PolskaSeria podpaleń pod Warszawą. Drzwi komisariatu w ogniu

Seria podpaleń pod Warszawą. Drzwi komisariatu w ogniu

W podwarszawskim Lesznie koło Starych Babic doszło do serii podpaleń. W ogniu znalazły się m.in. drzwi lokalnego posterunku policji. Zatrzymano jedną osobę.

Seria podpaleń pod Warszawą. Drzwi komisariatu w ogniu
Źródło zdjęć: © WP.PL
Jakub Kłoszewski

28.04.2017 | aktual.: 28.04.2017 14:10

Zajścia miały miejsce w piątek między godziną drugą a czwartą rano. Prawdopodobnie jedna osoba wznieciła kilka pożarów w Lesznie - pisze RMF FM.

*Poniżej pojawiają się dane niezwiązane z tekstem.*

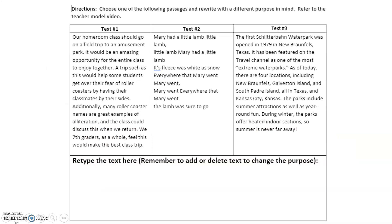When you open up your Word document, the three texts at the top should look very familiar — we've already worked with these and you know the purpose for each. There's a box at the bottom where you're going to retype those texts but change the purpose. In text one, you're still writing about an amusement park or seventh graders going on a class trip. Text two has Mary and her little lamb poem, but you won't be writing it as an entertaining poem or song. And text three is still about Schlitterbahn waterpark, but you won't be writing it to inform.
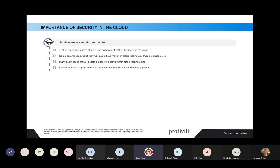Some enterprises are predicting they're going to be investing three and a half million dollars just in cloud technologies — whether that's applications or hosting services. A lot of that information you store is PII: personal identifying information — things like your health card, employee number, credit card numbers, or license plate numbers. That's all information that can be stored in the cloud, and in some cases organizations don't even know it's there. Less than half of these organizations actually have a formalized cloud security policy.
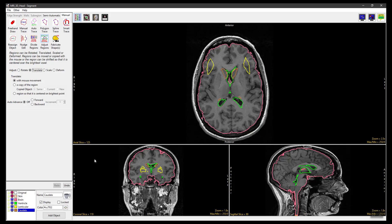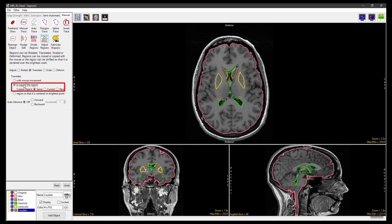Click Undo and set the Translate option to A Copy of the Region. This will allow you to make a copy of the selected object and move it to a new location. Setting Copied Object to Same assigns voxels in the new region to the same object as the parent region — in this case, the yellow chordate object.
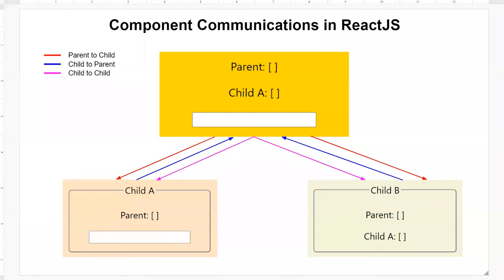Hello, this is Christian. In this video, we're going to take a look at how component communications work in ReactJS. In this diagram, I show you three components: the parent component, which is this yellow box up here, a child A component and a child B component. These two are sibling components.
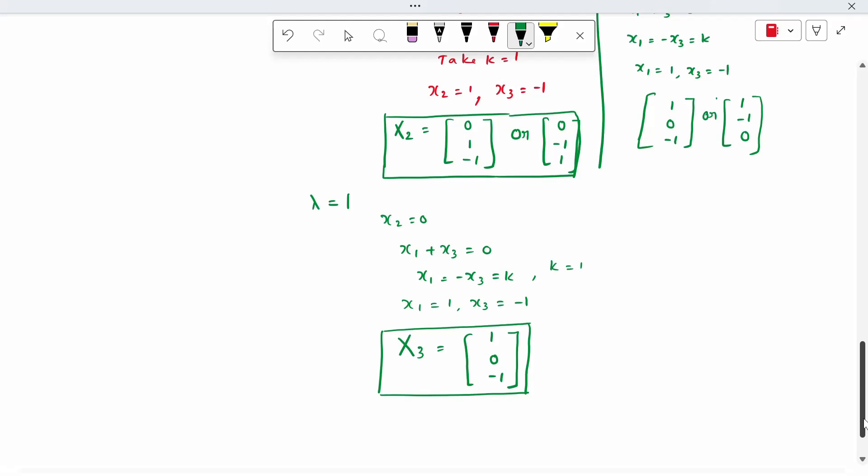If all three eigenvalues are the same — say all equal to 1 — then for three repeated eigenvalues, you set x1 equal to 0 for the first eigenvector, x2 equal to 0 for the second, and x3 equal to 0 for the third. That is the method.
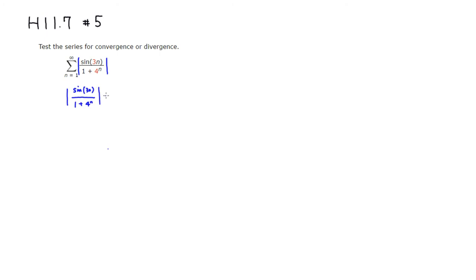I'm going to replace the top by a larger number, 1. Then I'm going to make the denominator smaller by removing this 1. So you have 4 to the n. So this is a geometric series.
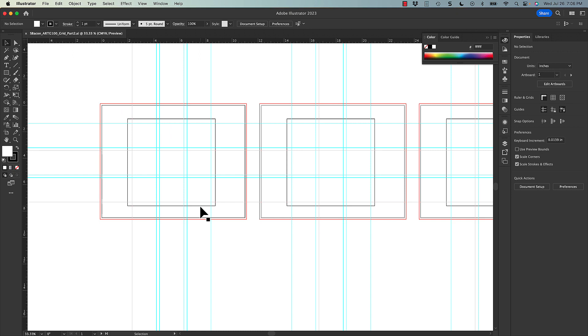This is what we would consider a modular grid. There's nine equal size squares here with spaces between them, so each of these squares are considered a module, and these are the gutters or the spaces between them. And it might look familiar. This is very similar to the structure of the last assignment. We're just going to use this structure very differently.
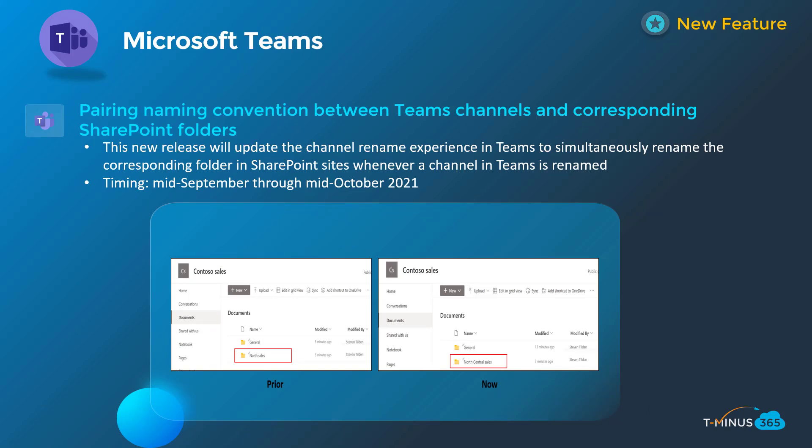The last Teams update is pairing the naming convention between Teams channels and corresponding SharePoint folders. If you update the name of a Teams channel, the folder within SharePoint will update as well. I wanted to highlight this because it could create broken links from this renaming. This will apply to all new Teams channels created after it goes into production. While it's great that the channel and SharePoint site names stay in sync, any files you've shared out from that folder could result in broken links for users storing them locally. This rolls out mid-September through mid-October.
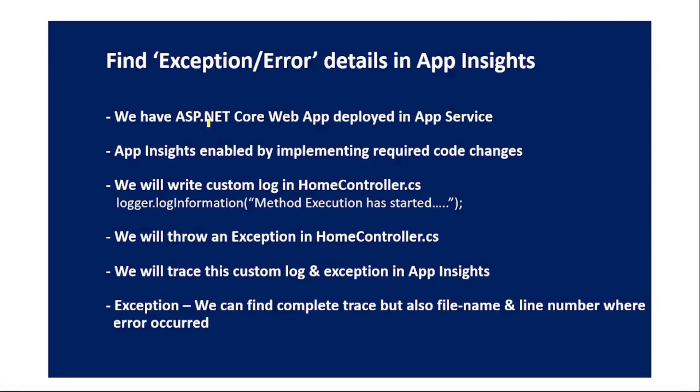Hello guys, in this video let's find exception or error details which are thrown from our ASP.NET Core web app in App Insights.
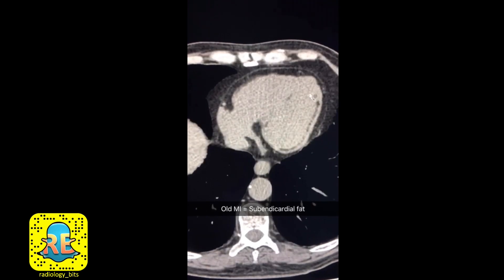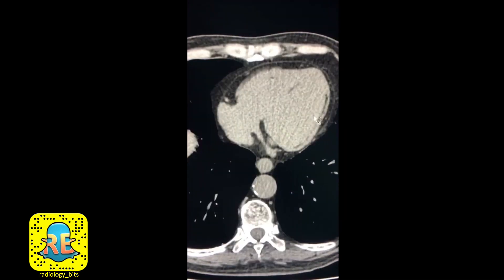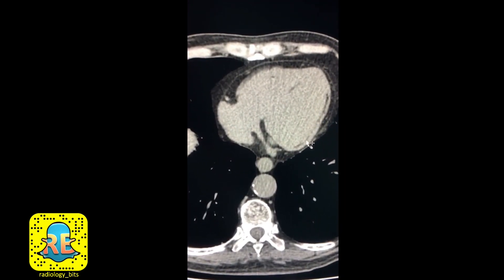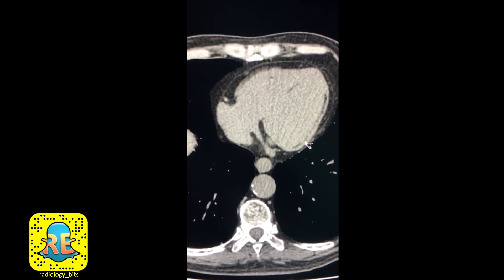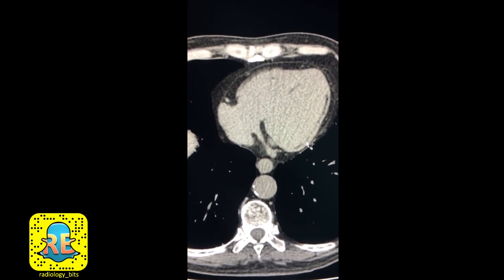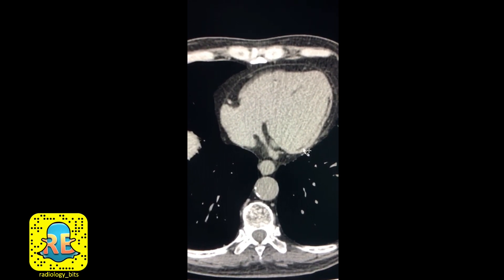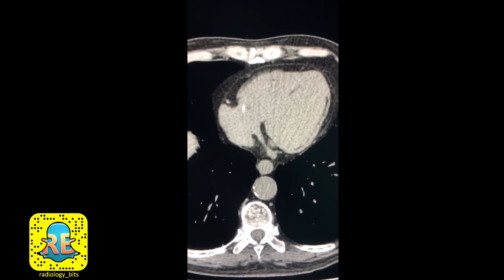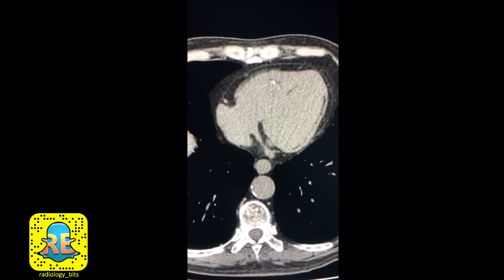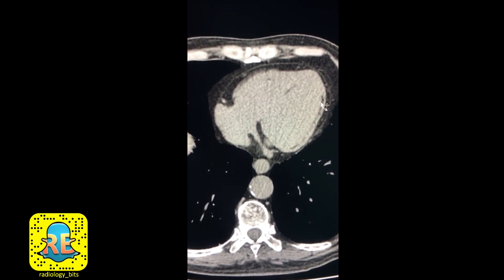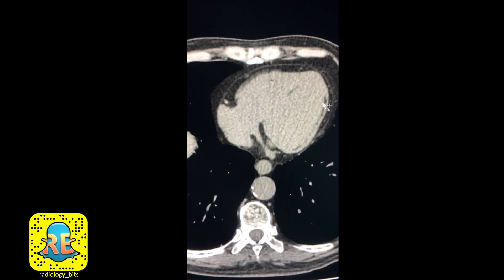Although this is a large area that is difficult to miss, some trainees might miss this. The reason is that if you're practicing radiology, you'll notice many radiologists going quickly over the cardiac structures, especially if the case is done without contrast. That's something to keep in mind — remember that this could be even more difficult if the area of involvement was small.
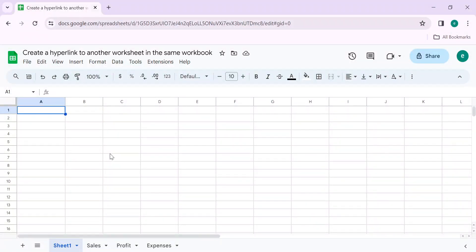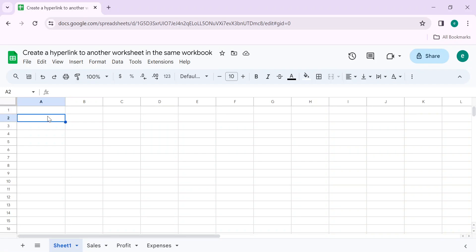Welcome to Google Sheet Pro. This video will save your time and clicks. In this video you are going to learn how to add a hyperlink to another worksheet in the same workbook. So let's get started. Click on the cell where you want to add the link.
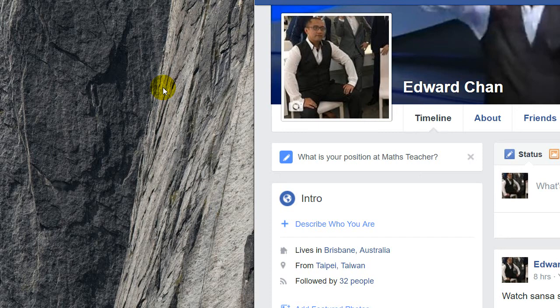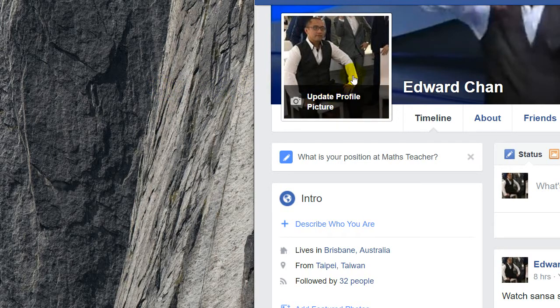Hey guys, Eddie The Magic Monk here. Wanted to show you a cool thing that I have found lately, and that is the quickest way to save a picture that you can see off Facebook.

Podpalono wycierczkę przed posterunkiem policji. Ogień wzniecono też w jednym z pustostanów, a także podpalono stojące przed nim meble i auto.

Kilka godzin po podpaleniach zatrzymano podejrzanego 34-latka. Przedstawiciel policji powiedział w rozmowie z RMF FM, że zatrzymany będzie przesłuchany. Trwa zbieranie dowodów pozwalających dokładnie wyjaśnić sprawę.

Dziwne podpalenia ###

Motywy działania podpalacza nie są znane. W przeszłości dochodziło do różnego rodzaju dziwnych podpaleń. Czasami powodem był zawód miłosny. Taki przypadek miał miejsce w Siewierzu w woj. śląskim, gdzie 31-letni mężczyzna podpalił auto swojej 18-letniej byłej dziewczyny.

Szybko wpadł w ręce policji. W krwi miał 3 promile alkoholu. Przyznał się do przestępstwa i zgodził się dobrowolnie poddać karze.

Inny przypadek miał miejsce w Bytomiu, gdzie z powodów konfliktów sąsiedzkich pewien mężczyzna podpalił drzwi mieszkania sąsiadki z bloku obok. Dostał zakaz zbliżania się do kobiety. Groziło mu pięć lat więzienia.